◆ Problem ◆
Instruction for the entries that follow: retype exactly the lines from the line with "[��ǰ�ǱԾ�] ������ ��ǳ�� VIBRATION" to the line with "Elon Musk'tan Mark", both included, and omit all others.
....
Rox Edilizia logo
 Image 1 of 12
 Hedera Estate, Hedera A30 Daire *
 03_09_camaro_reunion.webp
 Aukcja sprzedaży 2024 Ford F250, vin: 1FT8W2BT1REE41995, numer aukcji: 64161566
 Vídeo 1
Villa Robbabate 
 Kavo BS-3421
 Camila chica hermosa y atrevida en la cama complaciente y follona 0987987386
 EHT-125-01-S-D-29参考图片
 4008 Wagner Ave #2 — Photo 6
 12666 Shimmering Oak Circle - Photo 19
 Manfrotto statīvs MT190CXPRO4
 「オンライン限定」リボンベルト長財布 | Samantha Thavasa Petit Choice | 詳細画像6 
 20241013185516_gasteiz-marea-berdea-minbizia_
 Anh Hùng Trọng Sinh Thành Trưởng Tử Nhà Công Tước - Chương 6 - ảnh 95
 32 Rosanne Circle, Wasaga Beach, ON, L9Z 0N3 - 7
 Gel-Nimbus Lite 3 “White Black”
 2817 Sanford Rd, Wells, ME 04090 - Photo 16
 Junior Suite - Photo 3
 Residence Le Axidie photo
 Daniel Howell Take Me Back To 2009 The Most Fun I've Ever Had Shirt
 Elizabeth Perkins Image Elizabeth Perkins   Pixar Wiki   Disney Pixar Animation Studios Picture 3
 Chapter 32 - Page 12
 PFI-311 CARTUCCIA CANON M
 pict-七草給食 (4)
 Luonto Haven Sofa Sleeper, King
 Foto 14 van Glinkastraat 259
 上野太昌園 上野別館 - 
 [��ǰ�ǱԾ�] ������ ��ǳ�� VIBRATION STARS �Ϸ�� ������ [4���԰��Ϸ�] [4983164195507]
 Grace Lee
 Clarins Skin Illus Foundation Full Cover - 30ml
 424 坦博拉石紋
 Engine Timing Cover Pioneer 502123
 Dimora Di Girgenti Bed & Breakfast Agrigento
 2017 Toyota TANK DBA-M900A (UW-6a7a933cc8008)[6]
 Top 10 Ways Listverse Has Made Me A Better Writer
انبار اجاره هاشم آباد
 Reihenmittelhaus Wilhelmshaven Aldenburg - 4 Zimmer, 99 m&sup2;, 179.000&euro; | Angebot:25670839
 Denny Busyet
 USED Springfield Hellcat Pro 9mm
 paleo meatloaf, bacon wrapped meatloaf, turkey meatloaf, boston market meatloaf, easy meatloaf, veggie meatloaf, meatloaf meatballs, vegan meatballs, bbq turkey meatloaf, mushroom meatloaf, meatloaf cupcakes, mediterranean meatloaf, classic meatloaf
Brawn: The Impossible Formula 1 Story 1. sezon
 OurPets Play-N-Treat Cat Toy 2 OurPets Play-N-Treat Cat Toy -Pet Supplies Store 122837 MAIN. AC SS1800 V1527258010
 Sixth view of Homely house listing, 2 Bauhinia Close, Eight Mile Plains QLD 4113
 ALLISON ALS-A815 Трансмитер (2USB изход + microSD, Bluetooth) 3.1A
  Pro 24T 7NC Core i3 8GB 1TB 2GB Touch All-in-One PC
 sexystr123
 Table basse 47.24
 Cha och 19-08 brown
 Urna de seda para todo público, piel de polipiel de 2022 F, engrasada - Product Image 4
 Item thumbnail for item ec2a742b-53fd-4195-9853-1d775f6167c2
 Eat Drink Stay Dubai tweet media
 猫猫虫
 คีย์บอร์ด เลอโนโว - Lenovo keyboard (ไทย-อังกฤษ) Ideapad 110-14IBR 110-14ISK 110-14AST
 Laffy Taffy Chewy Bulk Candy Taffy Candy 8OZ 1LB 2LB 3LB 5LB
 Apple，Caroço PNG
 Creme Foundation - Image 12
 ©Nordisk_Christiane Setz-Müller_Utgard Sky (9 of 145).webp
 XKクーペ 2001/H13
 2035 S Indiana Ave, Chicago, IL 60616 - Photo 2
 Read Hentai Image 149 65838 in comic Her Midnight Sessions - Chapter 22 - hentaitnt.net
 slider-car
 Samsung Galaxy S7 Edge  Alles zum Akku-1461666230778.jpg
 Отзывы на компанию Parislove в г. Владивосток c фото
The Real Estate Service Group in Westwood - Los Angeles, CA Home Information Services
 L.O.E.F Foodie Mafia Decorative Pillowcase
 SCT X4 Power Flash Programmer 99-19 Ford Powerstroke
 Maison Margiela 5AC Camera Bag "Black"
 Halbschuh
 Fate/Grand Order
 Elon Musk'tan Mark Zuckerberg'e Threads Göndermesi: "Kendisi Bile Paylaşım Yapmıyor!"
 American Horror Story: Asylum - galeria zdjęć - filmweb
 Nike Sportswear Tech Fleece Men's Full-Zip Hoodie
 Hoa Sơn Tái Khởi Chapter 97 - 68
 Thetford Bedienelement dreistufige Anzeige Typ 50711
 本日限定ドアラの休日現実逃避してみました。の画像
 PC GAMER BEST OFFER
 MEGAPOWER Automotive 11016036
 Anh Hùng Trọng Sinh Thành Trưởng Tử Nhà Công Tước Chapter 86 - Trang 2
....
◆ Task solution ◆
 [��ǰ�ǱԾ�] ������ ��ǳ�� VIBRATION STARS �Ϸ�� ������ [4���԰��Ϸ�] [4983164195507]
 Grace Lee
 Clarins Skin Illus Foundation Full Cover - 30ml
 424 坦博拉石紋
 Engine Timing Cover Pioneer 502123
 Dimora Di Girgenti Bed & Breakfast Agrigento
 2017 Toyota TANK DBA-M900A (UW-6a7a933cc8008)[6]
 Top 10 Ways Listverse Has Made Me A Better Writer
انبار اجاره هاشم آباد
 Reihenmittelhaus Wilhelmshaven Aldenburg - 4 Zimmer, 99 m&sup2;, 179.000&euro; | Angebot:25670839
 Denny Busyet
 USED Springfield Hellcat Pro 9mm
 paleo meatloaf, bacon wrapped meatloaf, turkey meatloaf, boston market meatloaf, easy meatloaf, veggie meatloaf, meatloaf meatballs, vegan meatballs, bbq turkey meatloaf, mushroom meatloaf, meatloaf cupcakes, mediterranean meatloaf, classic meatloaf
Brawn: The Impossible Formula 1 Story 1. sezon
 OurPets Play-N-Treat Cat Toy 2 OurPets Play-N-Treat Cat Toy -Pet Supplies Store 122837 MAIN. AC SS1800 V1527258010
 Sixth view of Homely house listing, 2 Bauhinia Close, Eight Mile Plains QLD 4113
 ALLISON ALS-A815 Трансмитер (2USB изход + microSD, Bluetooth) 3.1A
  Pro 24T 7NC Core i3 8GB 1TB 2GB Touch All-in-One PC
 sexystr123
 Table basse 47.24
 Cha och 19-08 brown
 Urna de seda para todo público, piel de polipiel de 2022 F, engrasada - Product Image 4
 Item thumbnail for item ec2a742b-53fd-4195-9853-1d775f6167c2
 Eat Drink Stay Dubai tweet media
 猫猫虫
 คีย์บอร์ด เลอโนโว - Lenovo keyboard (ไทย-อังกฤษ) Ideapad 110-14IBR 110-14ISK 110-14AST
 Laffy Taffy Chewy Bulk Candy Taffy Candy 8OZ 1LB 2LB 3LB 5LB
 Apple，Caroço PNG
 Creme Foundation - Image 12
 ©Nordisk_Christiane Setz-Müller_Utgard Sky (9 of 145).webp
 XKクーペ 2001/H13
 2035 S Indiana Ave, Chicago, IL 60616 - Photo 2
 Read Hentai Image 149 65838 in comic Her Midnight Sessions - Chapter 22 - hentaitnt.net
 slider-car
 Samsung Galaxy S7 Edge  Alles zum Akku-1461666230778.jpg
 Отзывы на компанию Parislove в г. Владивосток c фото
The Real Estate Service Group in Westwood - Los Angeles, CA Home Information Services
 L.O.E.F Foodie Mafia Decorative Pillowcase
 SCT X4 Power Flash Programmer 99-19 Ford Powerstroke
 Maison Margiela 5AC Camera Bag "Black"
 Halbschuh
 Fate/Grand Order
 Elon Musk'tan Mark Zuckerberg'e Threads Göndermesi: "Kendisi Bile Paylaşım Yapmıyor!"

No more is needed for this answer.